Few German newspapers and television stations failed to cover "The New Hebrews." As newsworthy as the exhibition itself was the fact that its staging served as a celebration of 40 years of diplomatic relations between the former West Germany and Israel. Such historic context provided fodder for German journalists--a group of whom had been invited to visit Israel prior to the exhibition's opening. Naturally, bits of trenchant, predominantly political criticism emerged in print, especially from those privileged to take the Israel junket. These advance stories were mainly about the Israeli political situation as seen through cultural activity. In the wake of the opening, however, most critics--focusing now on the exhibition--were impressed by its dramatic comprehensiveness and by its thoughtful realization.

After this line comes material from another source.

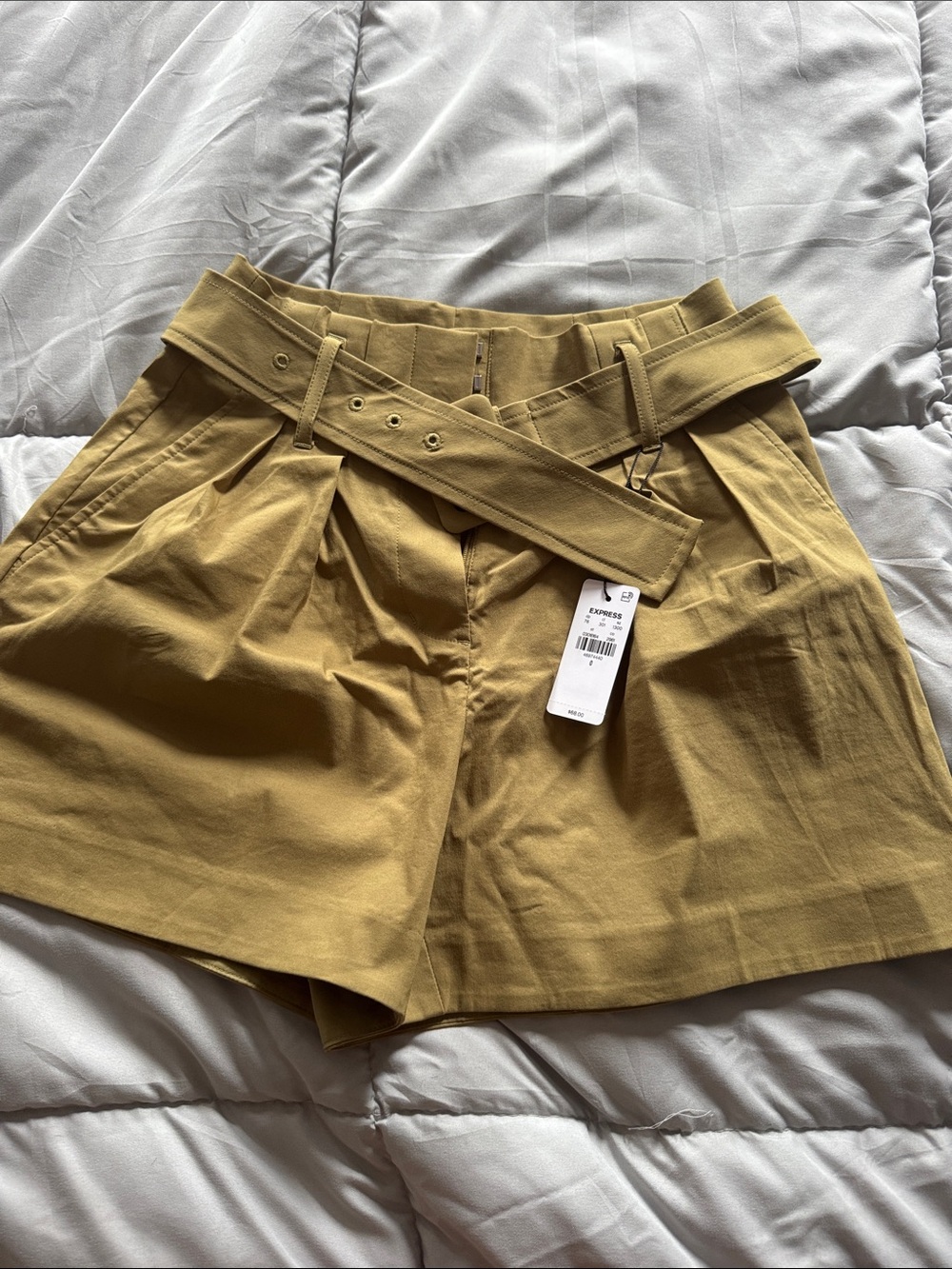 High-Waist Belted Women’s Shorts in green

Some journalists urged Germans to see the exhibition to become acquainted with Israeli culture as an alternative--even antidote--to the prevailing emphasis in Germany on the European Jewish civilization that was largely destroyed by the Holocaust. In fact the presentation of "The New Hebrews" coincided with several other commemorations, namely the 60th anniversary of the end of World War II and the opening of Peter Eisenman's Holocaust memorial. Situated on a plot of land the size of a standard city block just outside the Brandenburg gate, Eisenman's Memorial to the Murdered Jews of Europe is within walking distance of the Martin-Gropius-Bau. The memorial served as a perfect site for a photo-op of the joint visit of the presidents of Germany and Israel, a solemn moment intimately connected to the celebrations for the vernissage of "The New Hebrews." Of course, such associations further reinforced the Jewish vs. Israeli (dead vs. living) cultural divide suggested by the exhibition. Coincidentally, this opposition also serves as part of a master narrative for Israeli culture, and can be found in art and history museums in Israel.

The press repeated a dialectical view of Israeli culture as evinced in the exhibition. Among the dualities frequently acknowledged by the show were dreams and traumas, myths and cliches, utopias and realities, optimism and cynicism. Another set of oppositions was generated by the exhibition's ideological spheres. These included the recurring tensions between orientalist and modernist styles (a specialty of Zalmona's), polar notions of the intellectual and the corporeal and, not least, the clash between the sacred and profane. In press interviews and in interpretive texts, LeVitte Harten continually underscored the overwhelmingly secular nature of Israeli society, one of the show's central tenets. Thus the focus seemed more on modern Tel Aviv than on historical Jerusalem.